E sabe porque eu sigo aqui?!? Eu nunca entendi que futebol era coisa de homens. Eu cresci nos campos, em meio às famílias, brincando na tela e tomando a bebida do intervalo.

As esposas dos jogadores cuidavam de mim enquanto meu pai jogava, elas sempre estavam lá com a cadeira de praia e o chimarrão a postos no domingo de qualquer tempo e temperatura.

Em meio às brigas e foguetórios e rivalidade de bairro, nunca ninguém disse que nos não deveríamos estar lá. Éramos parte fundamental da festa da bola.

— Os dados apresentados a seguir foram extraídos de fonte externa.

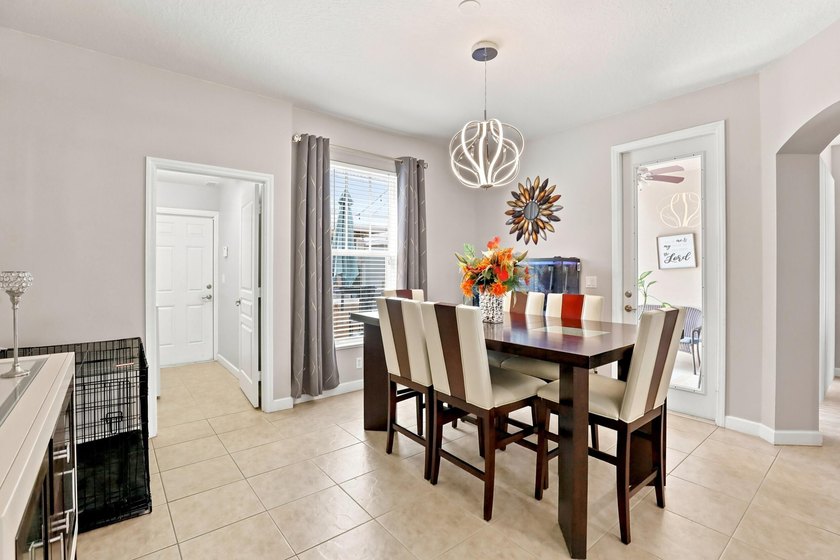 Welcome to this three-bedroom, 2.5-bathroom residence provides - photo 15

Minha primeira referencia de mulher no futebol se chamava Mercides. Ela era nossa vizinha do lado no Jardim Maua, em Novo Hamburgo. Éramos como se fosse da mesma família, já que quando meu pai nasceu minha avó não teve leite para amamenta-lo e como ela teve um filho da mesma idade, dava de mama para os dois.Mercides lavava os uniformes do Botafogo, time do bairro onde entendi o que era vitória, o que eram os ídolos, o que era a paixão pela bola.

Tenho nas melhores lembranças o varal dela todinho em preto e branco, as camisas lado a lado listradas, os calções pretos, as meias brancas uma a uma em cada prendedor, tremulando pelos ares do pátio de areia pura.

Ela lavava os uniformes cantando os hinos do Bota no tanque de cimento, e tinha um só dela, uniforme certeiro de todos os domingos onde ela era a madrinha do time.

Eu lembro a voz dela direitinho cantando: “é o Botafogo que vem chegando, todos cantando com alegria, o futebol vem da pelota, e o carnaval vem da folia…”.

Aos que ainda não entendem nossa participação: Desculpem não entendermos nós que esse não era o nosso mundo. Foi difícil perceber que esse universo não era de todos.

O que desbravamos nesse meio tempo não foi para desafiá-los, foi para festejarmos juntos as alegrias do esporte.

Tudo começa com ELA, A bola. É atrás dela que eles correm. E ela sendo ela, somos nós.